┌─ Data records
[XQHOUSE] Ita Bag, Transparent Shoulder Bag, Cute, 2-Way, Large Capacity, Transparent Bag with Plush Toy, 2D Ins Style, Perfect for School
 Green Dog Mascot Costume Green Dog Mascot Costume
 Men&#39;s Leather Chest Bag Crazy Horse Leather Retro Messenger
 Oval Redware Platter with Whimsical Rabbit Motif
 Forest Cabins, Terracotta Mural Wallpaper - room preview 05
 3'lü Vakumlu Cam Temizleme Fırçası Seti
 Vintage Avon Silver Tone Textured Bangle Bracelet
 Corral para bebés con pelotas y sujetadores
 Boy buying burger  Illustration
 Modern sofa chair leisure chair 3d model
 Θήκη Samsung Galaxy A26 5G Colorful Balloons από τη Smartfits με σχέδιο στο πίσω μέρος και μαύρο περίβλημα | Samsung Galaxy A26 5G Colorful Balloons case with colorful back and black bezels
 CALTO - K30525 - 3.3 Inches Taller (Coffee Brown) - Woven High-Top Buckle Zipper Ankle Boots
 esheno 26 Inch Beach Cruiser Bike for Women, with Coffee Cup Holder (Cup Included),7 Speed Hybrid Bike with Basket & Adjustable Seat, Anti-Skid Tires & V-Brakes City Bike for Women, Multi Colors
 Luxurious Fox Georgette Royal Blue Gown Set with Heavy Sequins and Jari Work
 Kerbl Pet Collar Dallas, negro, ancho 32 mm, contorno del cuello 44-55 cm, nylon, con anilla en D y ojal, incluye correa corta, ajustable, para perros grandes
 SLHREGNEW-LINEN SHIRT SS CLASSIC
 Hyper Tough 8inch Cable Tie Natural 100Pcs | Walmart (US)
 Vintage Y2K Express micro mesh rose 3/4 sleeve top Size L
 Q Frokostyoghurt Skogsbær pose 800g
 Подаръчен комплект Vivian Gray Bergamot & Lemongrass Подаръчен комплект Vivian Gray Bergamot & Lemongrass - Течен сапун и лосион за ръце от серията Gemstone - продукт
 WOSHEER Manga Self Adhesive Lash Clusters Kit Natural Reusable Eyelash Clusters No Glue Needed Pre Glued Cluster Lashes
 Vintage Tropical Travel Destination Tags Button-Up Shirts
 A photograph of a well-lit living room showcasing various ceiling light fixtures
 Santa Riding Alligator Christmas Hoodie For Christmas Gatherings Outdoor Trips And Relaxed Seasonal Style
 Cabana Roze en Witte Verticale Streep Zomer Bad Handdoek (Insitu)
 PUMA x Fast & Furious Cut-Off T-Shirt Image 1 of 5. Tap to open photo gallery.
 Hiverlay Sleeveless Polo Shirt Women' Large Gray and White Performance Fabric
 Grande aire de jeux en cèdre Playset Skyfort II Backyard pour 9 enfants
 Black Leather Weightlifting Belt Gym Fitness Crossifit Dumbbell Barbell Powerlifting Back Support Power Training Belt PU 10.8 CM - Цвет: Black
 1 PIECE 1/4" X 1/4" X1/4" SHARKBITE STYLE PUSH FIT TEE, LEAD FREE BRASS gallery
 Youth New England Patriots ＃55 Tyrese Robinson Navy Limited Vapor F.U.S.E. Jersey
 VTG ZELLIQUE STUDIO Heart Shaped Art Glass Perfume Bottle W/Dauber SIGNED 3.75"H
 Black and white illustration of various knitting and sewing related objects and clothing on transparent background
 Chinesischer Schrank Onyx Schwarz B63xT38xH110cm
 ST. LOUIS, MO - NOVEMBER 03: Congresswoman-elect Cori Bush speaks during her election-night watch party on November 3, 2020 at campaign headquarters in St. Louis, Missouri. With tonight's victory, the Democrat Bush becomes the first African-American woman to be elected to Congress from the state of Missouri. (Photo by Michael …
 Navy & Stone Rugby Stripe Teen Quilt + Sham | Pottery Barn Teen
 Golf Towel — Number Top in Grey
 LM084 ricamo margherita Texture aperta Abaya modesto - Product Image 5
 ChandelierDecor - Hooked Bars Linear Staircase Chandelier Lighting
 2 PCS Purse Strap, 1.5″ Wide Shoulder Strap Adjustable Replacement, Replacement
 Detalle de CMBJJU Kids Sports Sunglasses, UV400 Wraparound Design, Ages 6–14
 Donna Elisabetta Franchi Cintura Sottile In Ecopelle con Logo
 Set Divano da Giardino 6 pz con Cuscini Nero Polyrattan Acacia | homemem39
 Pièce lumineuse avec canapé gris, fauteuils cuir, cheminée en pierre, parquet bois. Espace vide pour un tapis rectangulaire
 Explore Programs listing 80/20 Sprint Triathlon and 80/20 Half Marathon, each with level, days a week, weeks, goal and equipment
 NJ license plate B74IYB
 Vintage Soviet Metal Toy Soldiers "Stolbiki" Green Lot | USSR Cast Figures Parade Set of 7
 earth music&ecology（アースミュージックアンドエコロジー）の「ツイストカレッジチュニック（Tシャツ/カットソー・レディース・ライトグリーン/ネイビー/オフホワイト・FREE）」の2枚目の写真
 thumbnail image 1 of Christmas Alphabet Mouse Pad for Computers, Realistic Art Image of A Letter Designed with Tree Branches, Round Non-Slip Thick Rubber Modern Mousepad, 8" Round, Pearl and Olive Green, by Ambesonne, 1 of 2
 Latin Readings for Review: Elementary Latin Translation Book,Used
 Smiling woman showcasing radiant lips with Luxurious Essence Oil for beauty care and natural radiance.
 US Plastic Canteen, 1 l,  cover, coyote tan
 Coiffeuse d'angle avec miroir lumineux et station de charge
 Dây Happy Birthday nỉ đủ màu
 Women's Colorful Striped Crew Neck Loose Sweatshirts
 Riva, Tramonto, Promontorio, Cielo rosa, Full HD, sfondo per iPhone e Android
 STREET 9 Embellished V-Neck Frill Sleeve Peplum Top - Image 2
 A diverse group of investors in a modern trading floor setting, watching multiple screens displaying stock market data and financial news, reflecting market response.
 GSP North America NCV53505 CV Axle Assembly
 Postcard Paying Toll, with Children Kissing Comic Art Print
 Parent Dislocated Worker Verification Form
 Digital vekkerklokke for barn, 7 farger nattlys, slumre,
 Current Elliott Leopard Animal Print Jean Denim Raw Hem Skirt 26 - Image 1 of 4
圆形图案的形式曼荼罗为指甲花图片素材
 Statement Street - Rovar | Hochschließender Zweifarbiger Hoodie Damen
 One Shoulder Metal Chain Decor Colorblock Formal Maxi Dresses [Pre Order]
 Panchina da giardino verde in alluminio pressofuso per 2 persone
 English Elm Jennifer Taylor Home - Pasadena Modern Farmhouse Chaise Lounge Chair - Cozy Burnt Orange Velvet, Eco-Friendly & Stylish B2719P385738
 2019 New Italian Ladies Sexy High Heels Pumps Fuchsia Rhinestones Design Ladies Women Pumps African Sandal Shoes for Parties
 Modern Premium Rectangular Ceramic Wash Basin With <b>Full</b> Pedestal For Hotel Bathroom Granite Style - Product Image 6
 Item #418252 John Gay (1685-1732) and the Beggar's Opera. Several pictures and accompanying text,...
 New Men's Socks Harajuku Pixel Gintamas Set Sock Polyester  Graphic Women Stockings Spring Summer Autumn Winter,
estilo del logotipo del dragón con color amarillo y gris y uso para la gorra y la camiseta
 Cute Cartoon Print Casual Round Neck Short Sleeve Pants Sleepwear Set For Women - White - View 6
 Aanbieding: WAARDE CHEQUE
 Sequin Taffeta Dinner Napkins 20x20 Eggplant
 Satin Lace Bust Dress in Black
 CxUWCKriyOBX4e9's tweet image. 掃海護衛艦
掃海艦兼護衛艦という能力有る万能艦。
└─
**Goal of the exercise**
Using the data above, print exactly the lines from the line that contains "Set Divano da" through the line that contains "Pièce lumineuse avec", with both included.

**Exercise output**
 Set Divano da Giardino 6 pz con Cuscini Nero Polyrattan Acacia | homemem39
 Pièce lumineuse avec canapé gris, fauteuils cuir, cheminée en pierre, parquet bois. Espace vide pour un tapis rectangulaire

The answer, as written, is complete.